Data:
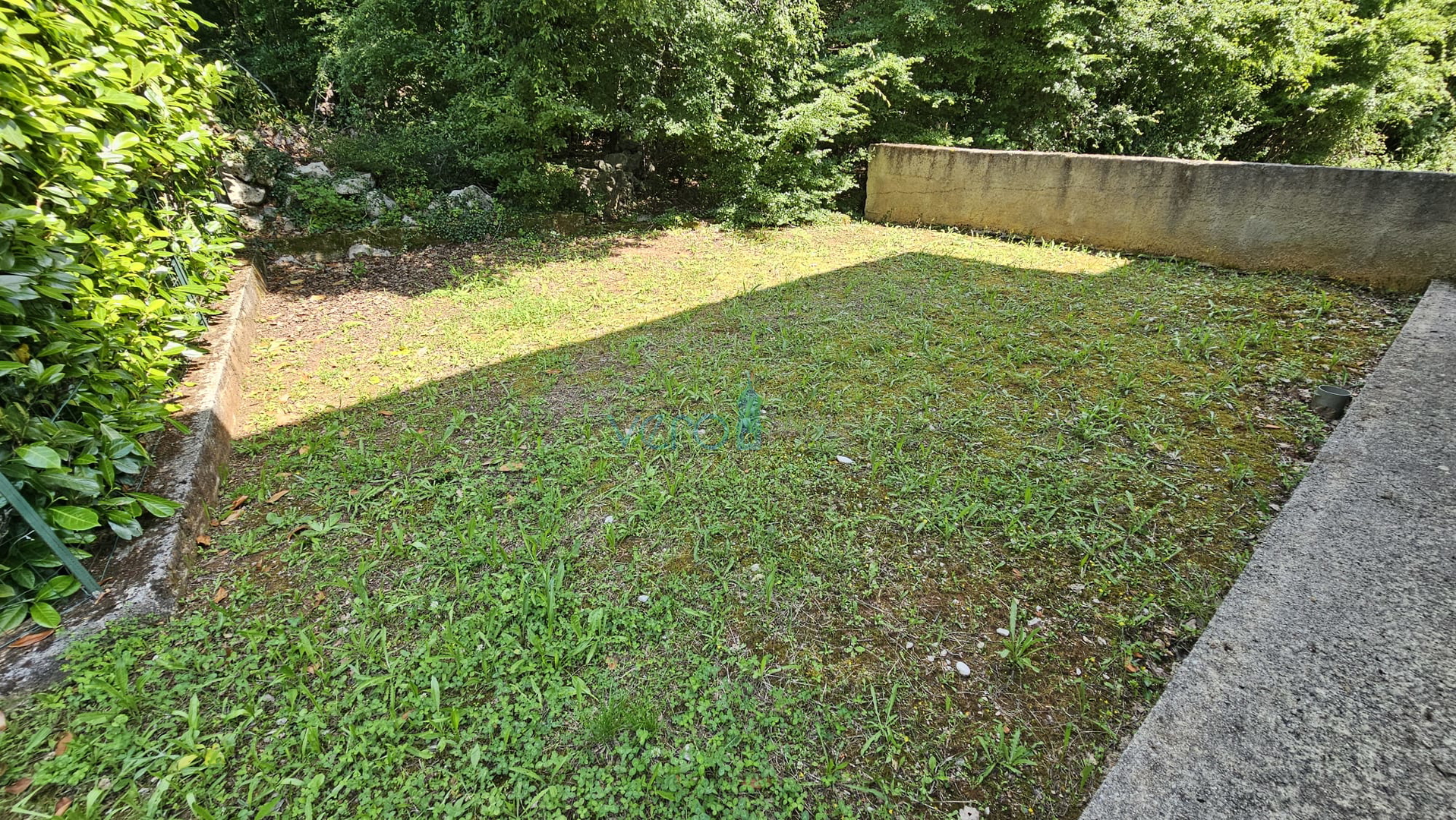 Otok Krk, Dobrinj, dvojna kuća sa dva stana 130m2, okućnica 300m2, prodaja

...

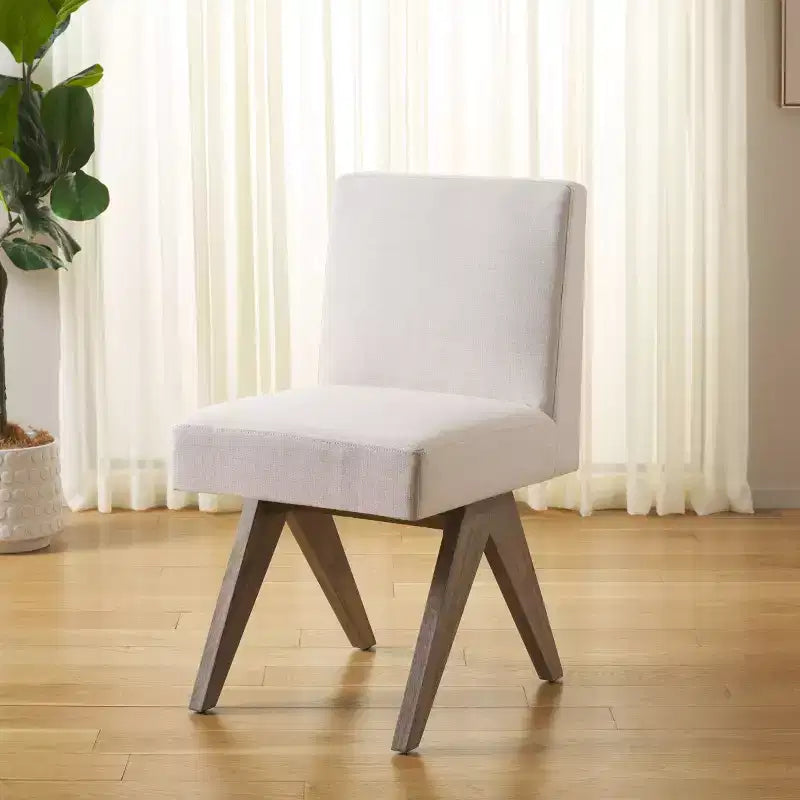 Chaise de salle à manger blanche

...

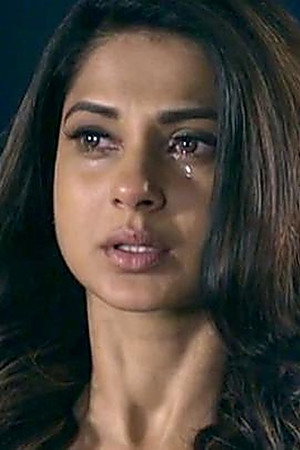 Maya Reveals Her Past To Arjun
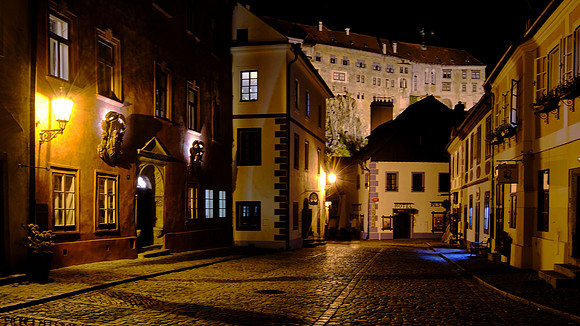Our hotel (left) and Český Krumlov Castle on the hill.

Assignment: Write back word for word every line in the entries above from the one with "Maya Reveals Her Past To Arjun" to the one with "Our hotel (left)", ends included, and none of the pictures.

Result of this task:
 Maya Reveals Her Past To Arjun
Our hotel (left) and Český Krumlov Castle on the hill.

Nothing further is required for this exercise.